Queste foto riprendono il trentenne Danilo Dolci in alcune fasi del processo per direttissima che subì nel 1956 per aver organizzato il suo primo "sciopero alla rovescia". Accanto a Danilo, Piero Calamandrei e Nino Sorgi, suoi avvocati di difesa nel corso del processo.
Danilo e Carlo Levi
Devo a Danilo Dolci e a Leonardo Sciascia quasi tutto quello che so sulla Sicilia e sulla mafia. Col primo ci ho anche lavorato per due anni, nella metà degli anni settanta, e ho avuto così modo di conoscerlo meglio.

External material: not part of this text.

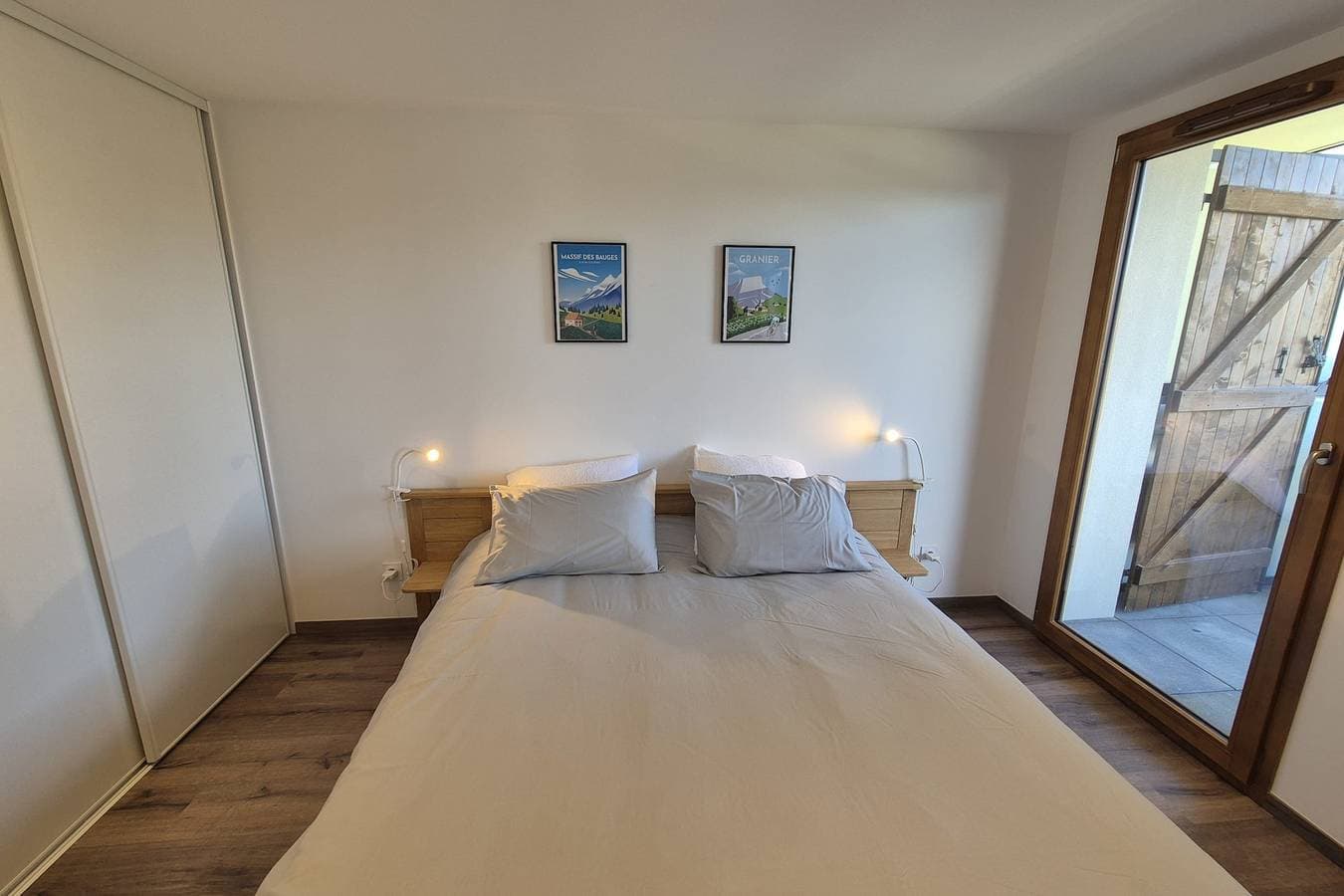 Foto 11 von 29: Ferienwohnung für 4 Personen mit Terrasse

Lo scrittore di Racalmuto, invece, l'ho conosciuto solo attraverso i suoi libri che non mi stanco mai di leggere e rileggere.
I due non si sono mai amati, eppure sono stati tra i primi a parlare e a scrivere di mafia. Lo hanno fatto con stile e modi assai diversi, tra loro, eppure hanno finito per sostenere le stesse cose. Peraltro scrivevano nello stesso giornale, L'ORA, diretto da Vittorio Nisticò. E quest'ultimo, al riguardo, qualche anno fa ha detto tutto quello che c'era da dire.
Oggi mi piace ricordarli insieme perchè, durante il corso della loro vita, si sono trovati sempre a scrivere contro il potere.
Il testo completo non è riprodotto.